= Joseph Edward Rall =

Joseph Edward Rall (February 3, 1920 – February 28, 2008) was an American endocrinologist and research director at the National Institutes of Health. He was an expert on the thyroid gland, particularly its proteins and its relationship with radioactive iodine.

==Early life and education==
Rall was born in 1920 in Naperville, Illinois. He obtained a B.A. from North Central College in 1941 before enrolling at Northwestern University. At Northwestern, he served as a teaching assistant and a research fellow in pharmacology while completing his studies; he received a Master's degree in 1944 and an M.D. in 1945. His residency and fellowship at Mayo Clinic in Rochester, Minnesota, which began in 1945, was interrupted by two years of military service in Germany with the Medical Corps following the Second World War. He eventually completed his fellowship at Mayo Clinic in 1950. He developed an interest in endocrinology, the thyroid and radioactive iodine at Mayo, and in 1952 he was awarded a PhD by the University of Minnesota for research on the metabolism of thyroxine.

==Career==
In 1950, Rall relocated to New York City to work at Memorial Sloan Kettering Cancer Center alongside Rulon Rawson, who was investigating the use of radioactive iodine in the treatment of thyroid cancer. In New York, he was an assistant professor at Cornell University Medical College and began research into radiation-induced thyroid cancer as a result of hydrogen bomb testing in the Marshall Islands. He also begun a lifelong collaboration with Jacob Robbins, with whom he studied thyroid proteins including thyroglobulin, and established the "free thyroxine hypothesis", which holds that thyroxine is only active when not bound to protein.
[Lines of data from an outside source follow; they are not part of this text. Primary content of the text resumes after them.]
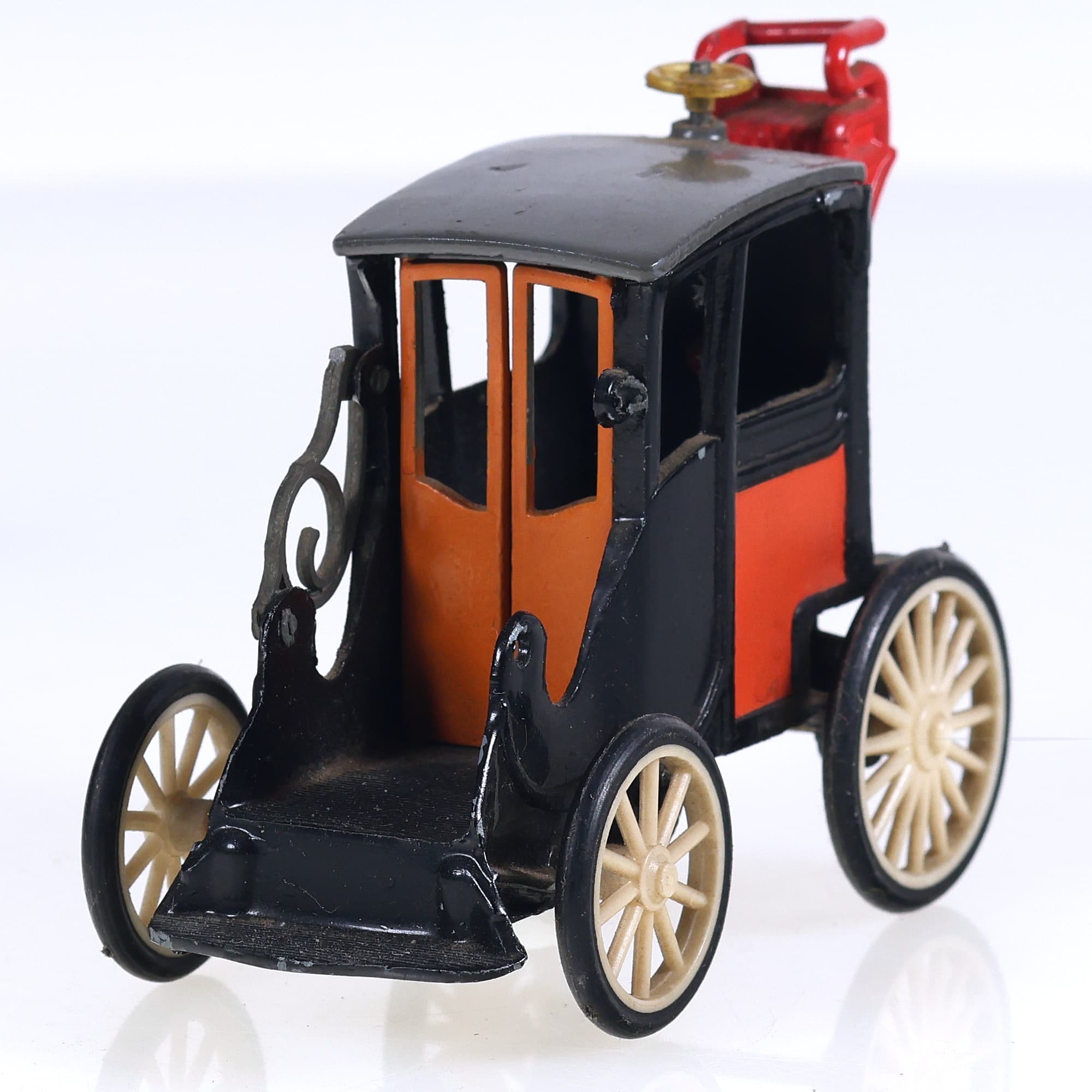 Rami Hautier Voiture électrique 1898 1/43 — photo 1
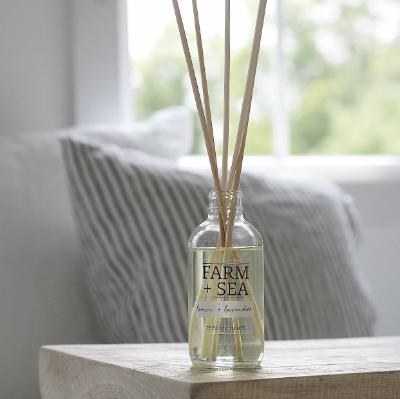 Farm + Sea Reed Diffusers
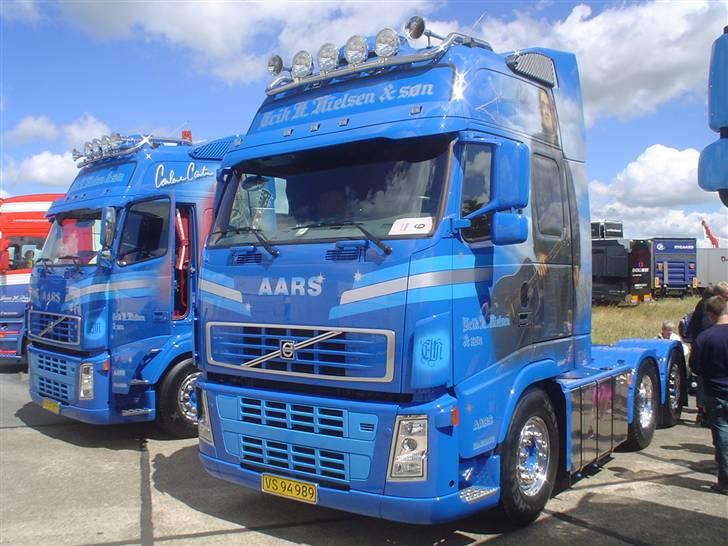 Lastbilshow vandel billede 27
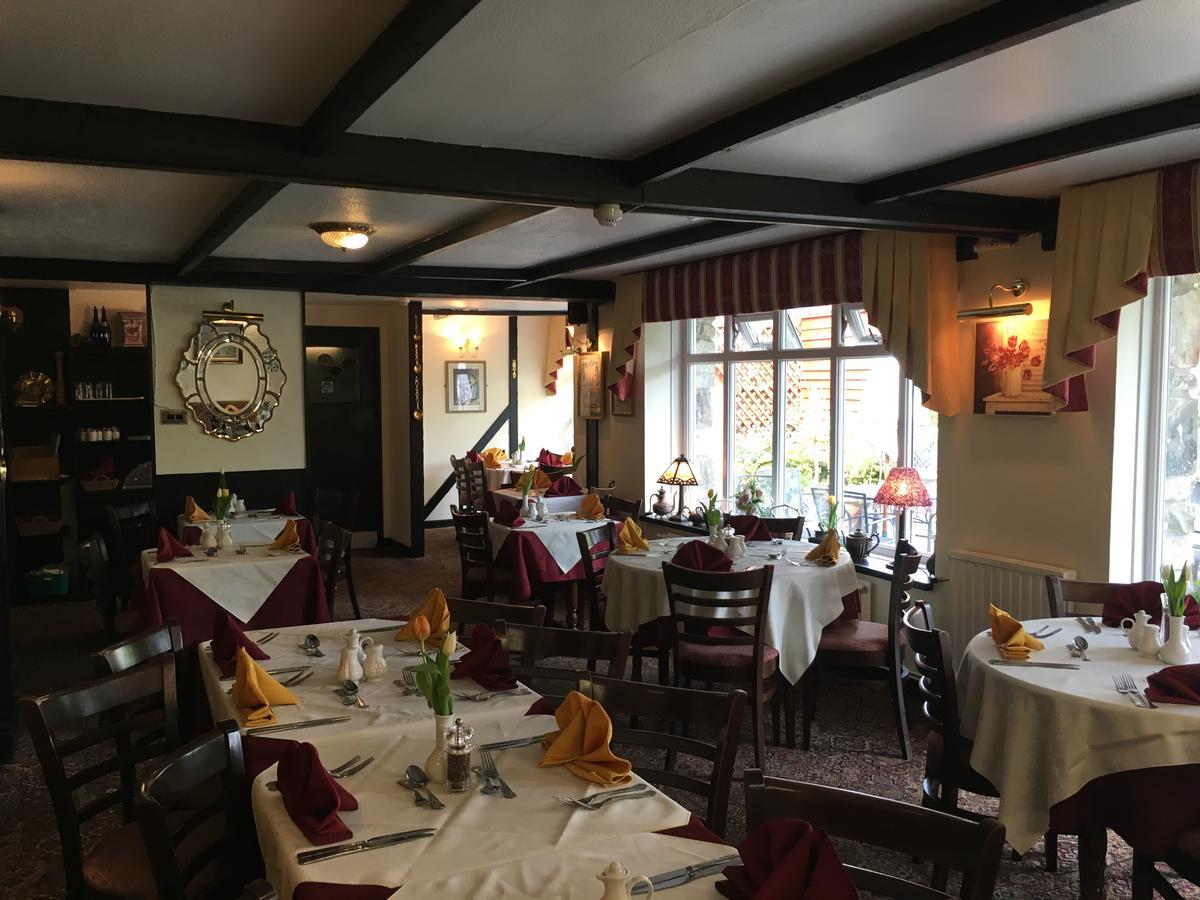 Abercraf The Abercrave Inn מראה חיצוני תמונה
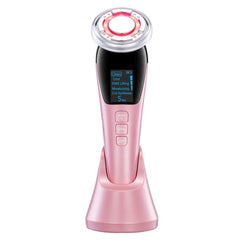 Hot & Cold EMS IPL Beauty Device for Radiant Skin Soloist
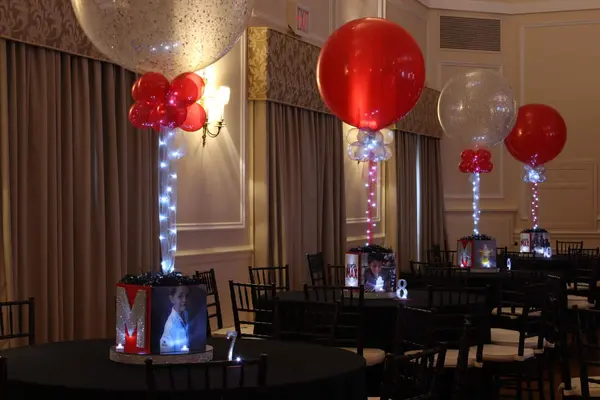 Bar Mitzvah Photo Cube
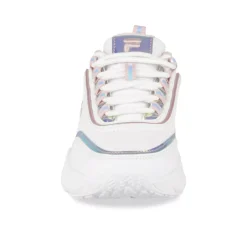 Baskets BLANC FILA Marked Teens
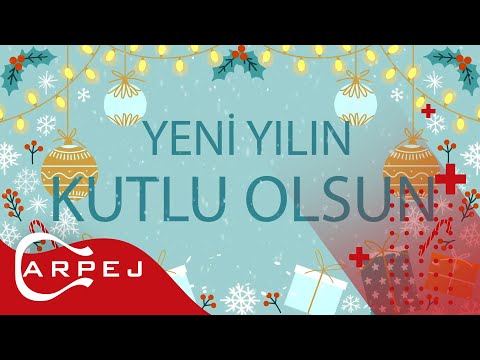 Gülçin Ergül - Yeni Yılın Kutlu Olsun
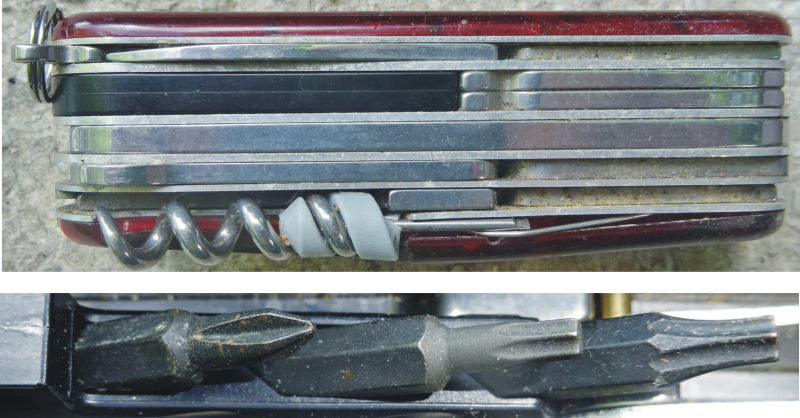 Taschenmesser Multitool – obrázek 2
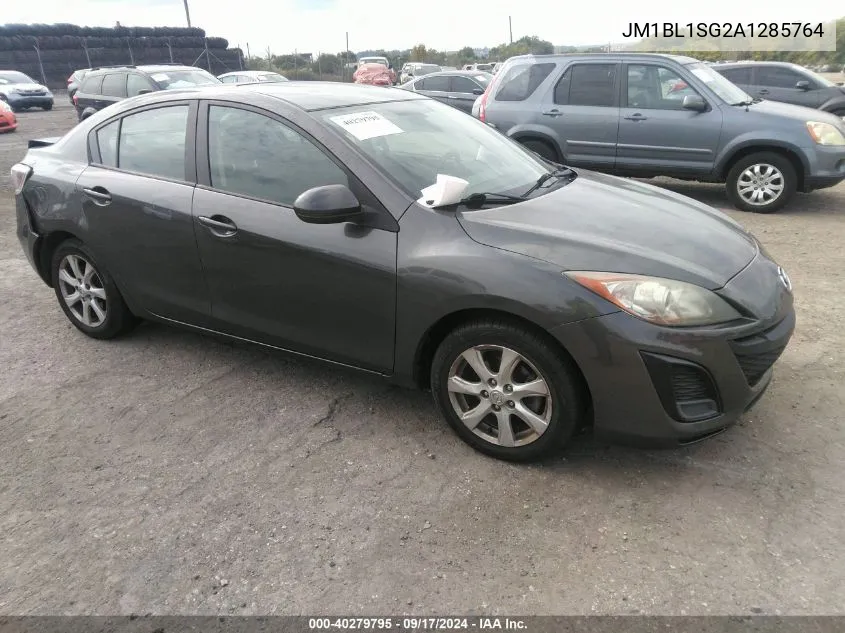 2010 Mazda Mazda3 I Touring VIN: JM1BL1SG2A1285764 Lot: 40279795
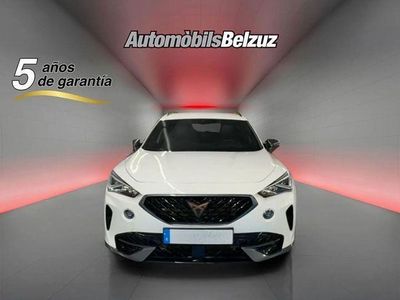 Usado Cupra Formentor 150 HP (110 kW) 2022 Branco SUV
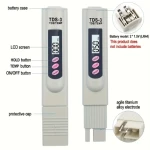 TDS Meter TDS-3 Ψηφιακός Μετρητής Θερμοκρασίας & Αγωγιμότητας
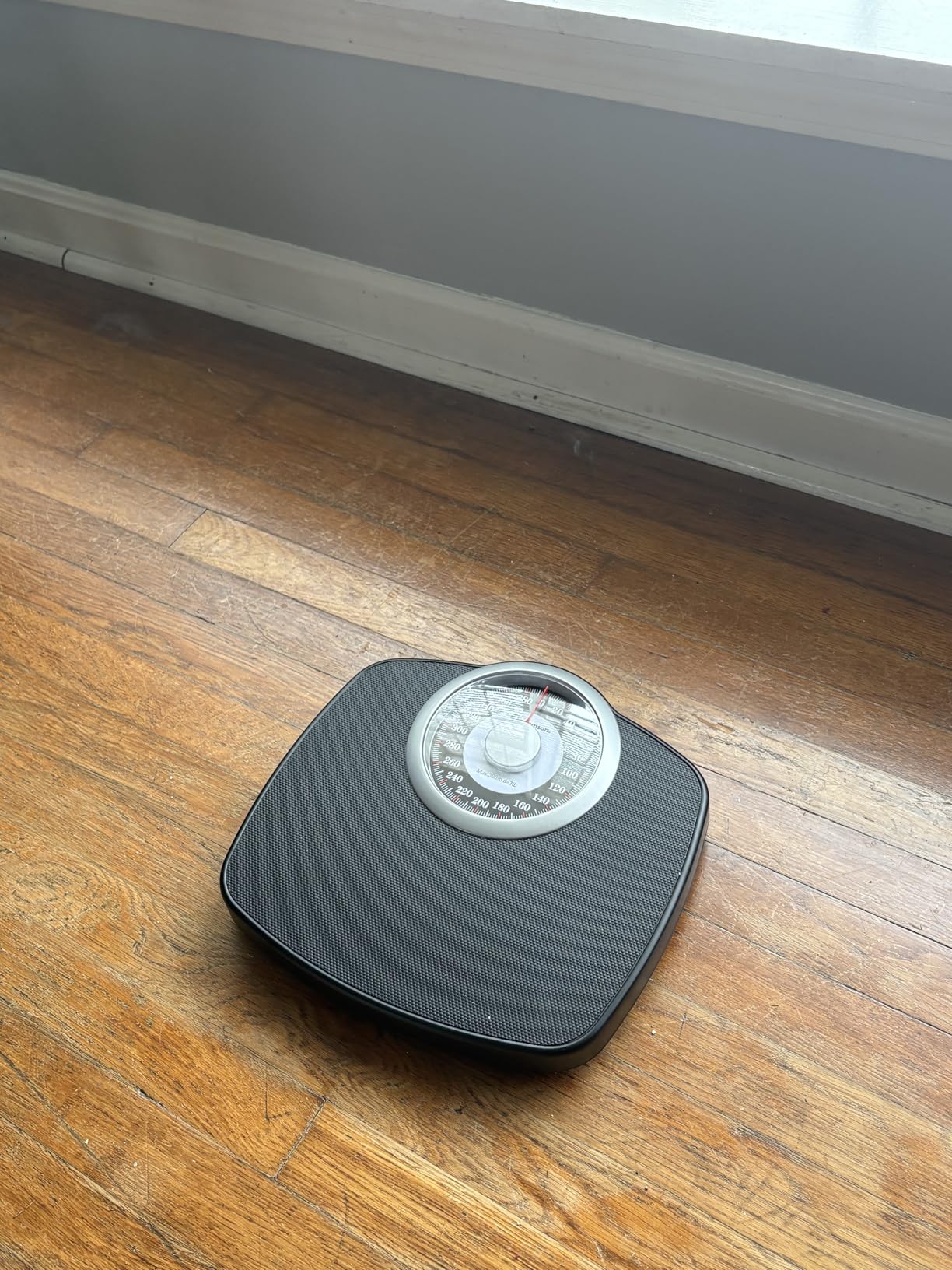 Adamson A25 Scales for Body Weight - Up to 400 LB - New Version - 5.3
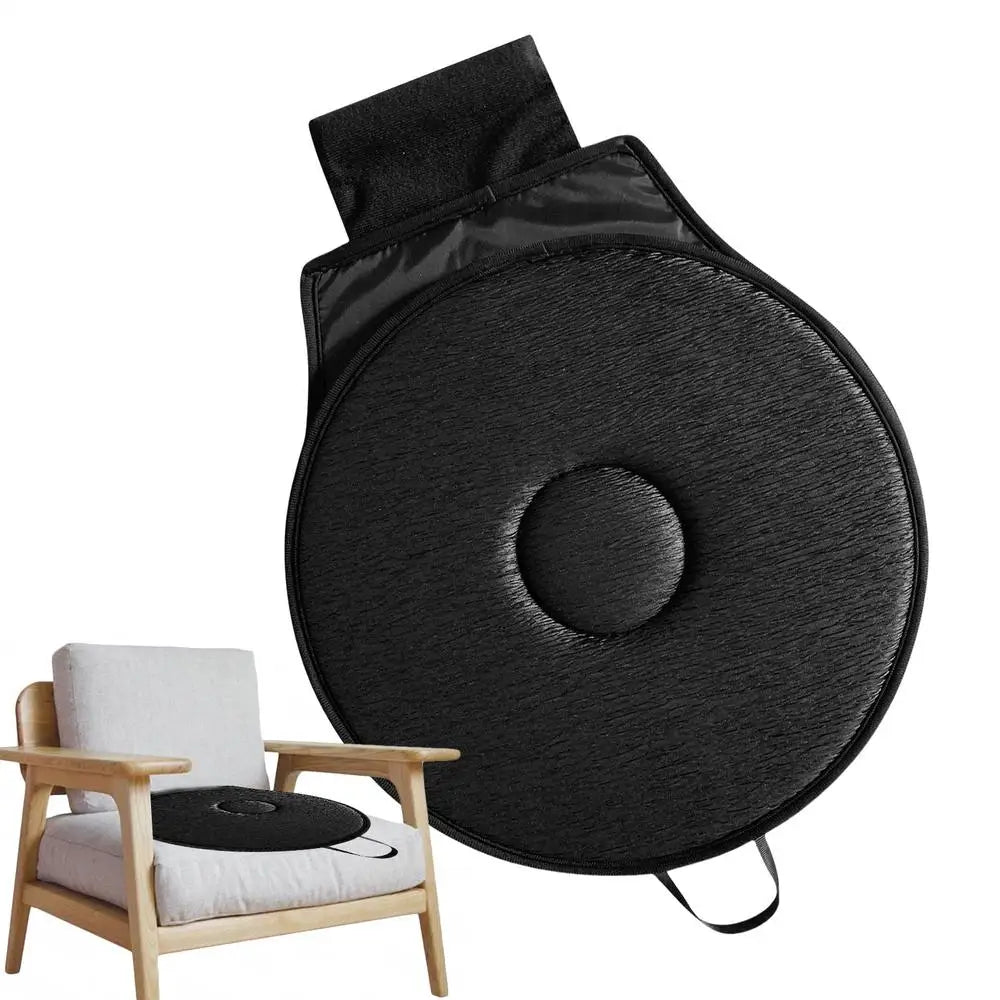 360 degree Rotating car Seat Cushion for Elderly portable auto Swivel Seat pad Comfort Car Seat Mat Universal for car interior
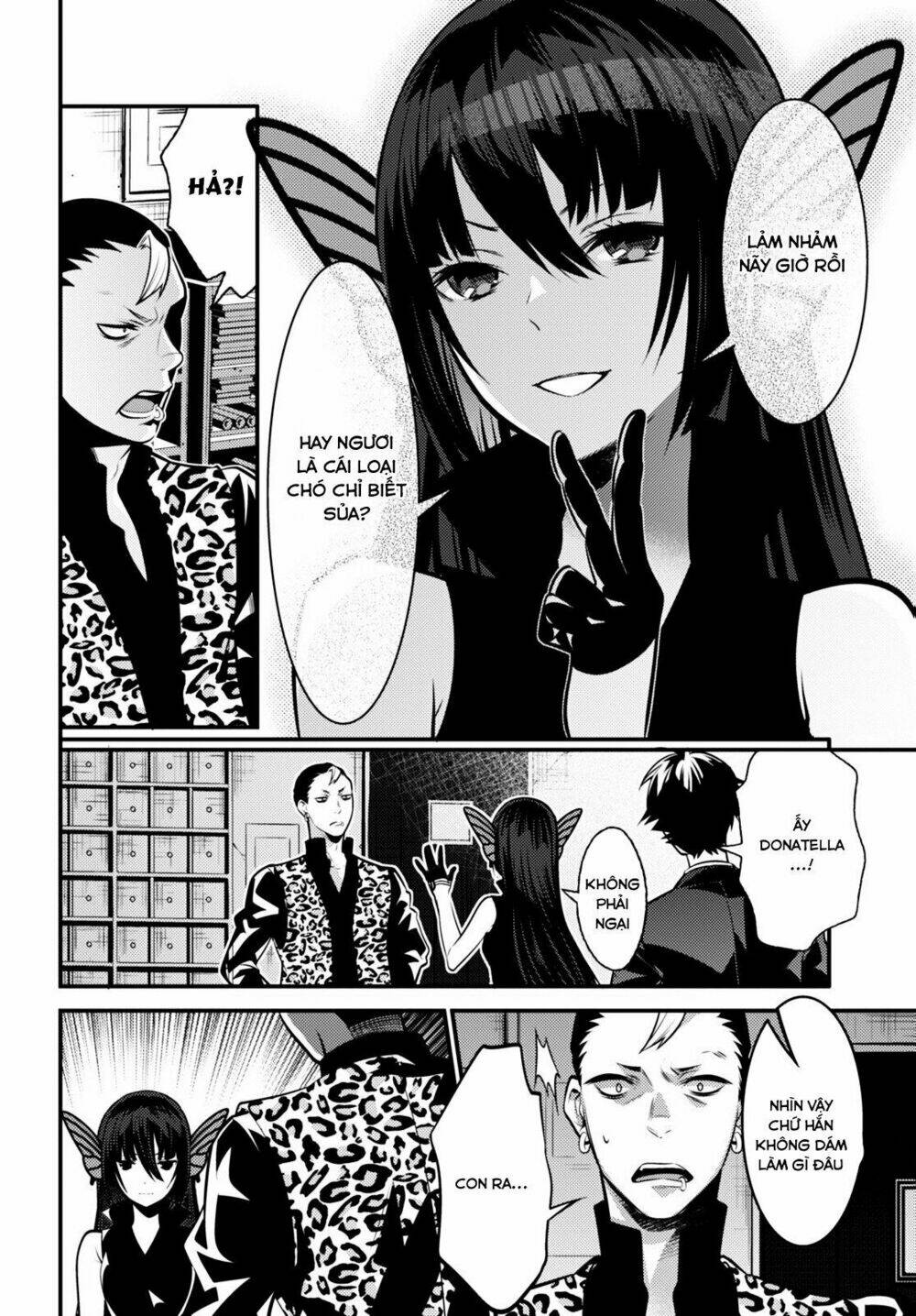 Luật Sư Hai Thế Giới: Chapter 7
Rall was recruited by the National Institutes of Health in Bethesda, Maryland, to run a new laboratory, the Clinical Endocrinology Branch (CEB), at the National Institute of Arthritis and Metabolic Diseases. The branch initially focused on thyroid physiology and diseases, but later expanded to encompass diabetes as well as disorders of growth hormone and the gonads. Under Rall, the CEB hosted many visiting international scientists and had a longstanding association with the laboratory run by Nino Salvatore in Italy. In 1962, Rall was appointed Director of Intramural Research of the National Institute of Diabetes and Digestive and Kidney Diseases. He served as Deputy Director for Intramural Research for NIH in 1983 until his retirement in 1990.

Rall was elected to the U.S. National Academy of Sciences, the French Société de biologie and the Belgian Royal Academy of Medicine, and received honorary degrees from the University of Naples (Italy) and Charles University (Czech Republic). He was president of the American Thyroid Association (ATA) in 1964 and received distinguished service awards from the ATA and the Endocrine Society.

==Death==
Rall died on February 28, 2008, aged 88.